Tuesday, July 10, 2012

6th July, St Albans


Conference Weekend Battlefield Visit

It has become customary for at least some of the travelling fraternity to gather for lunch on the Friday of COW at a site of miltary historical interest - and this year Mike Elliott showed us around medieval St Albans.

 (rainy explorers finding the ditch defence of medieval St Albans)

The so-called Wars of the Roses (discuss ...) began here in 1455 when the Duke of York and Neville Earls of Warwick and Salisbury pressed their claim in the face of Henry's Royal Standard - outright rebellion.

Henry raised his standard in St Peter's Street in the centre of the town, and the Yorkists chose not to defer but attacked the defences from the East, broke through the houses and yards and made their way to the town centre.

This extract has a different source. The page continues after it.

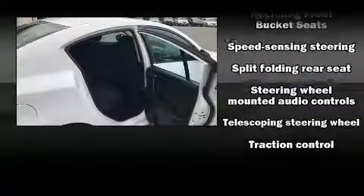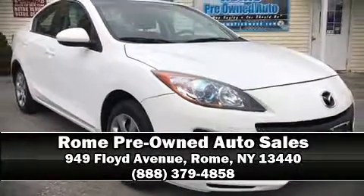A Carfax History Report indicates just one previous owner. Please don't hesitate to give us a call.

(the Battle of St Albans from the Maltings Car Park)

We got our best impression of all this from the roof of the Maltings multi-storey car park.

In the picture above, Henry and his household were stationed in the centre of the town, then, as now, running from St Peter's Church (just off to the right) and the precinct of St Albans Abbey where the king had appartments ...

Amidst the confusion of battle (and the general confusion that surrounded Henry VI customarily), it is almost certain that they were taken by surprise when Warwick's men broke throught the timber and daub walls of the medieval shops and burst into Chequer Street.

(all this in the sight of an Eleanor Cross - just as would happen at Northampton, 5 years later ...)...

Mike has identified the point where Warwick broke through, the buildings of which lasted pretty much until the first War ... so have their traces in early photographs. 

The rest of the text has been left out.